Salesforce grammars for tree-sitter; includes Apex, SOQL, and SOSL languages. Also includes parser for the Salesforce Log files (sflog).
Try it out using our playground
If you are a Neo-vim user, the parsers and syntax highlights are part of nvim-treesitter plugin already, guidance.
npm install tree-sitter
npm install tree-sitter-sfapex
// import libraries
import Parser from "tree-sitter";
import TsSfApex from "tree-sitter-sfapex";
// create a parser instance
const parser = new Parser();
// could be .apex, .soql, or .sosl
parser.setLanguage(TsSfApex.apex);
// we set the language to Apex so lets feed it some apex
const apexTree = parser.parse(`
/**
* block comment
*/
global class TestClass implements TestInterface {
public static String Prop1 = 'TestVal';
global Account setName(Account acct, String nameVal){
acct.Name = nameVal;
return acct;
}
}`);
// just a super simple example of printing the discovered nodes
// to see the anonymous nodes (syntax without formal names) set this to `true`
const includeAnonymousNodes = false;
console.log("APEX TREE");
printTree(apexTree.rootNode);
// do it with some SOQL this time
parser.setLanguage(TsSfApex.soql);
const soqlTree = parser.parse(`
SELECT Id, Name, Parent.Name,
TYPEOF Owner
WHEN User THEN Id, Username, FederationId
WHEN Group THEN Name
END,
(SELECT Id, Name FROM Contacts)
FROM Account
WHERE Name = 'Robots' AND Are_Coming__c = FALSE
`);
console.log("SOQL TREE");
printTree(soqlTree.rootNode);
function printTree(node, indent = 0) {
console.log(
" ".repeat(indent),
(node.isNamed ? "(" : "") + node.type + (node.isNamed ? ")" : "")
);
for (let c of includeAnonymousNodes ? node.children : node.namedChildren) {
printTree(c, indent + 2);
}
}
Most of the parsers are built and tested on large corpus of Apex, I still intend to write automated tests that parse large Apex libraries as part of evaluating the grammar.

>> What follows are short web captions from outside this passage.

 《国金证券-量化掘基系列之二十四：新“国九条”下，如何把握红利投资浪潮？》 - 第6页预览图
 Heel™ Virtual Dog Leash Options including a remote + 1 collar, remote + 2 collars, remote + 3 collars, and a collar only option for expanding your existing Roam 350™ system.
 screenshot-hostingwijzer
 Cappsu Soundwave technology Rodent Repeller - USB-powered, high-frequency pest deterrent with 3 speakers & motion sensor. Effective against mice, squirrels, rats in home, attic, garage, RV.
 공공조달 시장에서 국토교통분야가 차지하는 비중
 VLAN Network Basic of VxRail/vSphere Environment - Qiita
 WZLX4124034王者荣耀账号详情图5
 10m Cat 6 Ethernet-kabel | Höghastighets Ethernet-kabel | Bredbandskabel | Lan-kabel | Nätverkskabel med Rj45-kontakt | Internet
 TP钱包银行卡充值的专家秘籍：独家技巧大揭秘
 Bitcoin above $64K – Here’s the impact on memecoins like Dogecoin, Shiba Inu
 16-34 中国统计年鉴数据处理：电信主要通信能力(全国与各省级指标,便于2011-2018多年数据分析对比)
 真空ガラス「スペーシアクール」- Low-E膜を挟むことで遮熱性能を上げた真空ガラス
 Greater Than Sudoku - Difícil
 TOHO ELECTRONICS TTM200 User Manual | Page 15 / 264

Contributed by @finxxi, the sflog parser is very new and still being figured out. Feel free to contribute logs that fail to parse via the issues or by adding a failing test. I expect it to have a lot of development in terms of comprehention of individual log patterns and pulling out the types present there. For now it generally handles the main structure of log entries but doesn't parse the logged details very finely.
Please open an issue on this repo and we'll work through it.
Still figuring this out. By far the most useful contributions would be tests, if you have a scenario that doesn't work you can just provide the example or open a PR with a new failing test and I can figure out what to do about it.